Tuesday, September 21, 2010

Critical Criminology 18(3)

Toward an Interpretive Criminal Justice
John P. Crank and Blythe Bowman Proulx
This paper presents the academic field of criminal justice as an interpretive social science. The opening section discusses academic criminal justice from scientific and interpretive perspectives, arguing that the terminology of “justice” is essentially contested. The second section presents the key implication of a contested core terminology: that an interpretive approach is the best way to develop the academic field of criminal justice. Section three reviews central elements of the Gadamerian tradition, with an eye towards its application to the field of criminal justice.
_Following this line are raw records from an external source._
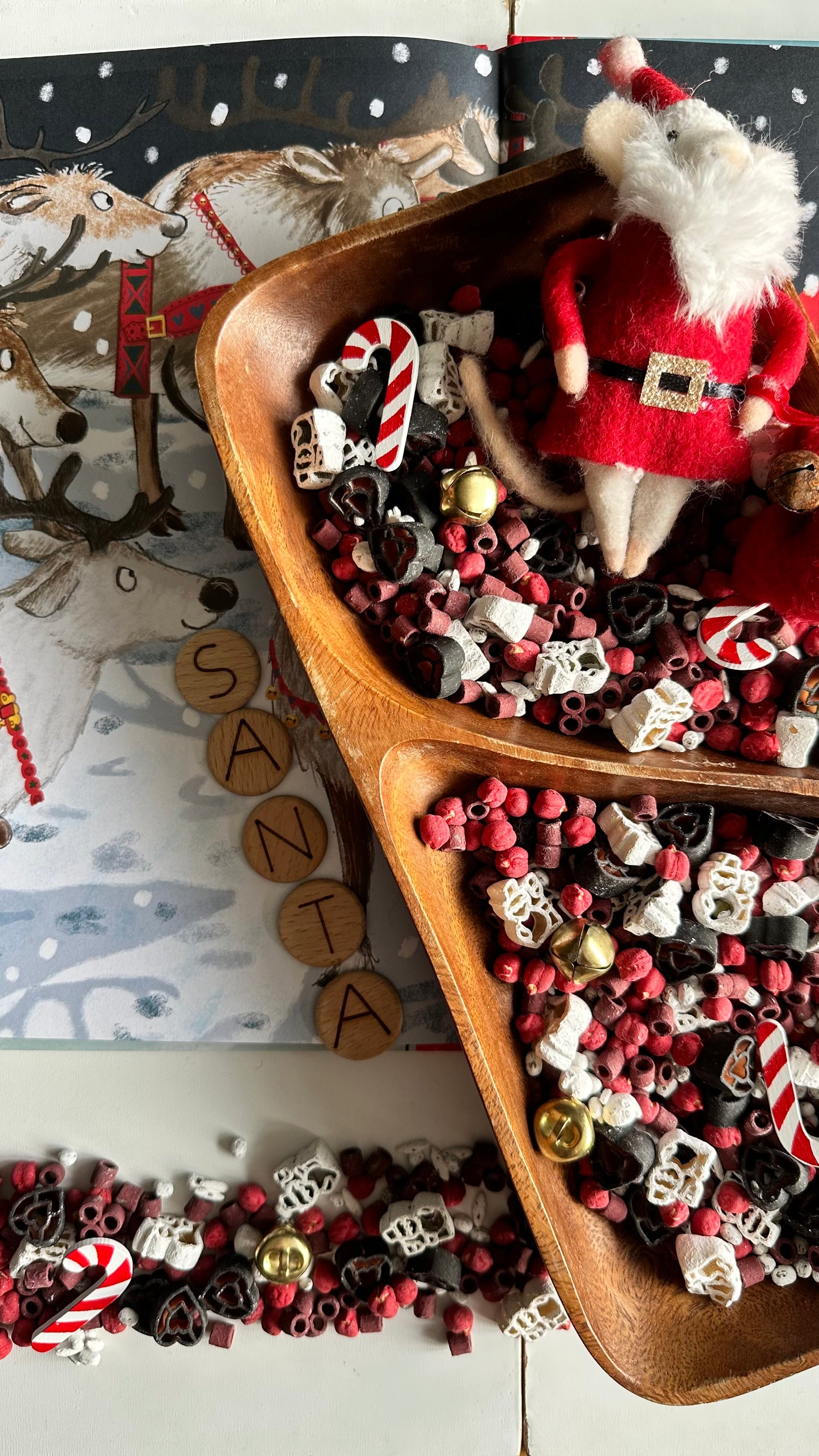 Santa Claus Tray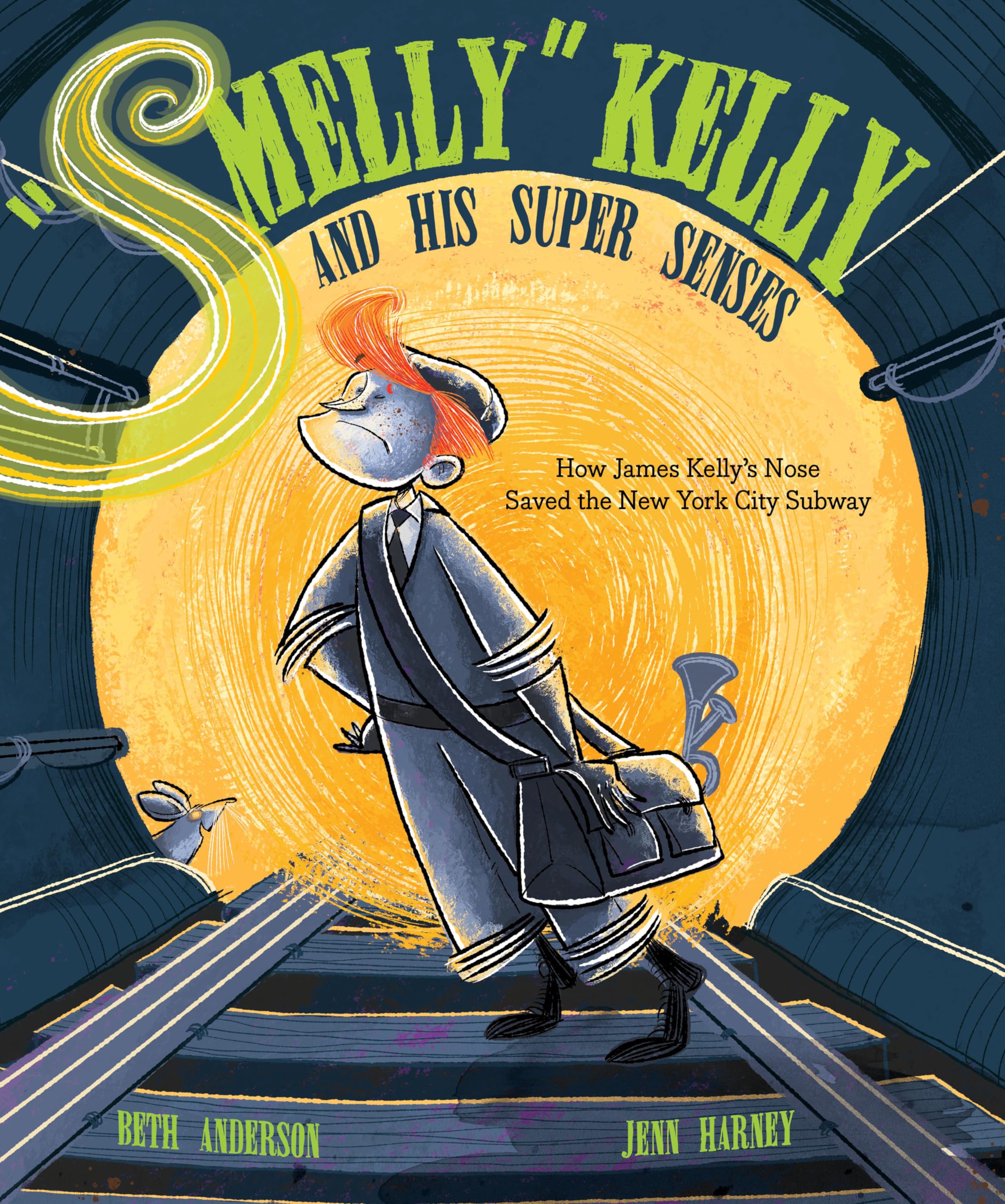 "Smelly" Kelly and His Super Senses: How James Kelly's Nose Saved the New York City Subway - 1141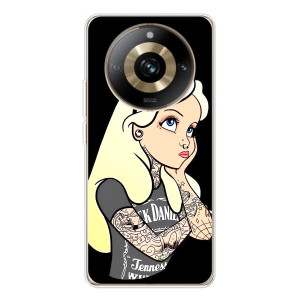 Чехол Стильные девушки на Realme 11 Pro 5G (Девушка обиделась)
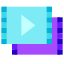 Galerie vidéo icon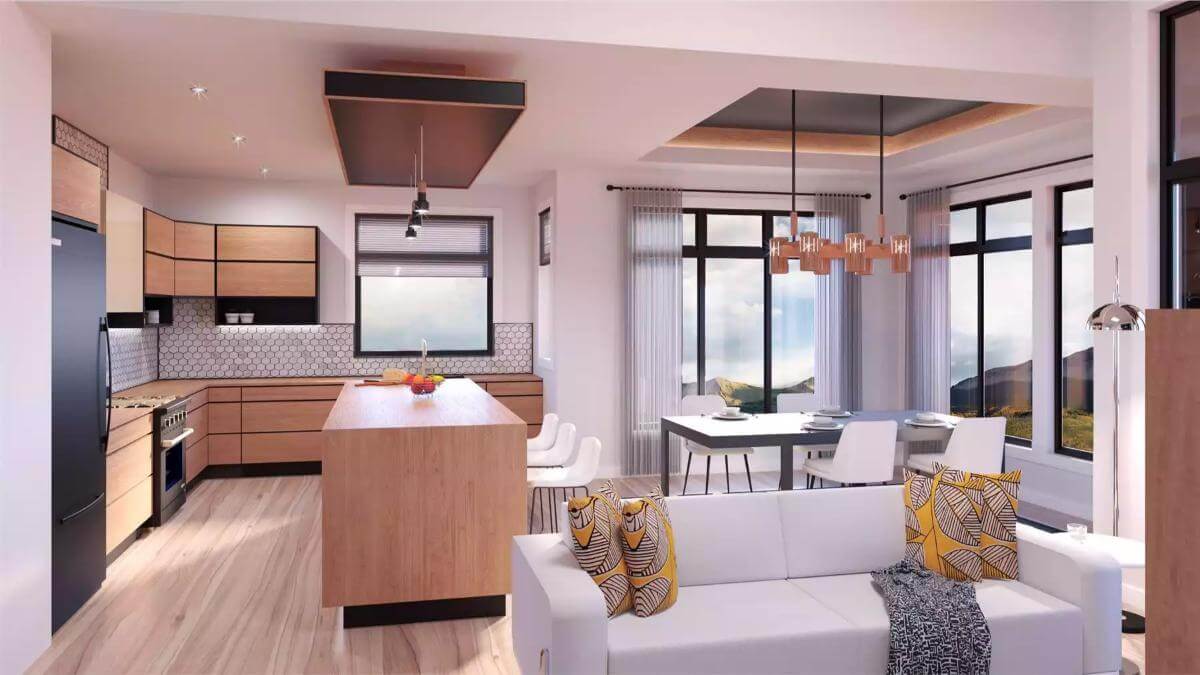Eat-in Kitchen
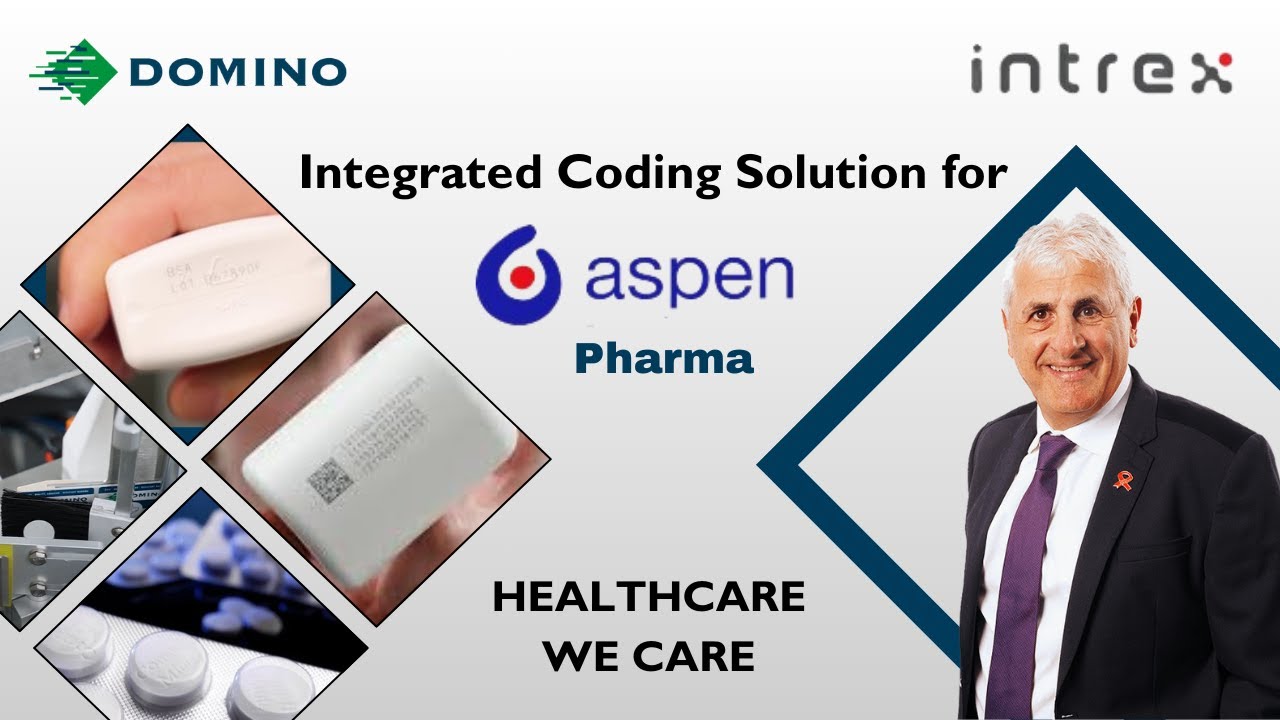 Integrated Coding Solution for Aspen Pharma - Domino and Intrex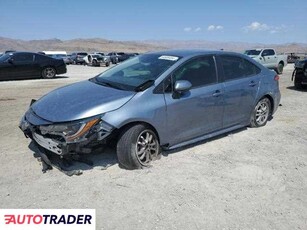 Toyota Corolla 1.0 hybrydowy 2022r. (NORTH LAS VEGAS)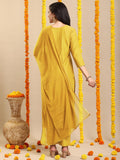 Gosriki Women'S Rayon Viscose Straight Embroidered Kurta With Pant & Dupatta (Galpatiyo Yellow-Gs_Xl_Yellow_X-Large),Yellow,,B0DY81SVW6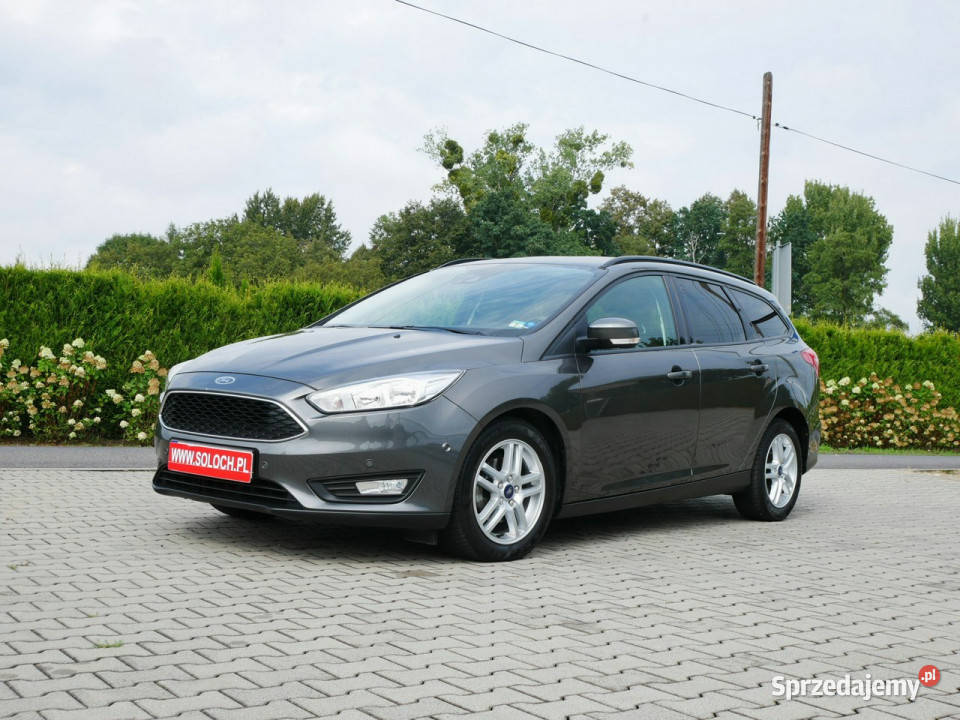 Ford Focus 10 EBoost 125 Eu6 Kombi Business Rok produkcji 2017 Goczałkowice-Zdrój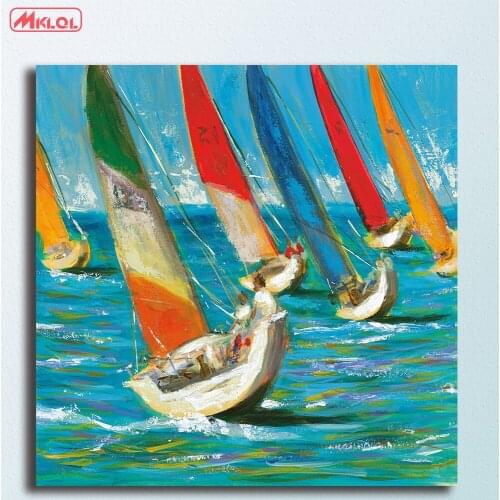 Large Windcatcher Two Oil Painting Wall Art Picture Paiting Canvas Paints Home Decor Abstract Print Painting Modern Wall Decor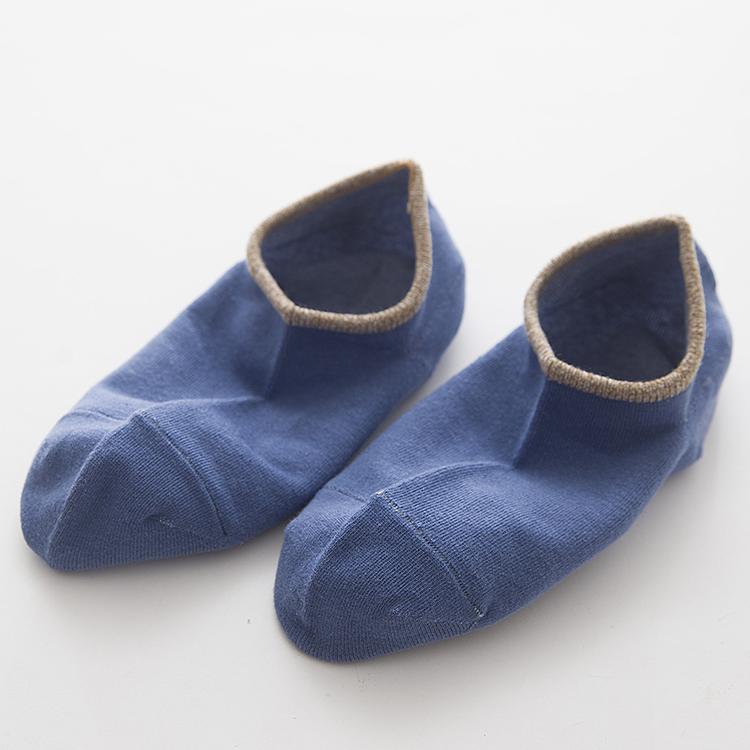 Japanese Pure Color Cotton Socks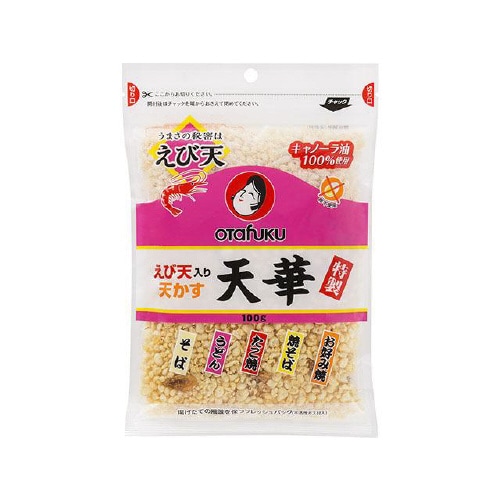 オタフク 特製えび天入り天かす天華 100gx10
The fourth section considers two issues pertinent to an interpretive criminal justice—the problem of interpretation in a field where professional practice is destructive to other normative systems, and the contribution of an interpretive criminal justice to public policy.

Overlooked and Overshadowed: The Case of Burundi
Kara Hoofnagle and Dawn L. Rothe
In east-central Africa, nestled between Tanzania, the Democratic Republic of the Congo and Rwanda is Burundi. From the onset of independence in 1961, Burundi has had a history of internal armed conflicts, ethnic tensions and civil unrest in the form of crimes against humanity, massive and systematic rape, and other gross human rights violations that have resulted in hundreds of thousands of civilian deaths. Nonetheless, there has been relatively little attention paid to these types of crimes by criminologists. Political discourse and subsequent media reports suggest that the cause of the violence in Burundi is rooted in reappearing ethnic tensions between two ethnic groups. Yet, the origins and continued enactment of the conflict is far more complex. In this paper, the authors draw upon the extant state crime literature to both conceptually frame, and theoretically illuminate, the crimes against humanity and other gross human rights violations that have occurred.

Presidential Candidates and State Crime: Views of Some U.S. College Students
Josh Klein and Cathryn Lavery
This is a preliminary investigation of hawkish public opinion, understood as criminogenic in that it provides political support for state crimes of aggressive militarism. Our critical criminology approach treats public support for, or acceptance of, state aggression as part of criminogenic political culture. Despite growing interest among critical criminologists in broader perspectives on state crime and the politics of culture, there has been no work on this topic. Our survey of 53 criminal justice students at a liberal arts college finds both hawkish (militarist) and dovish (peaceful) beliefs and preferences regarding U.S. policy and the two major 2008 presidential candidates, Obama and McCain. We investigate whether authoritarianism helps explain hawkish opinions, but find little evidence for that expectation. We find evidence of respondent underestimation of the hawkishness of U.S. politics. We also find extensive evidence of dovish policy preferences, such as approval of diplomacy, a major attraction to Obama.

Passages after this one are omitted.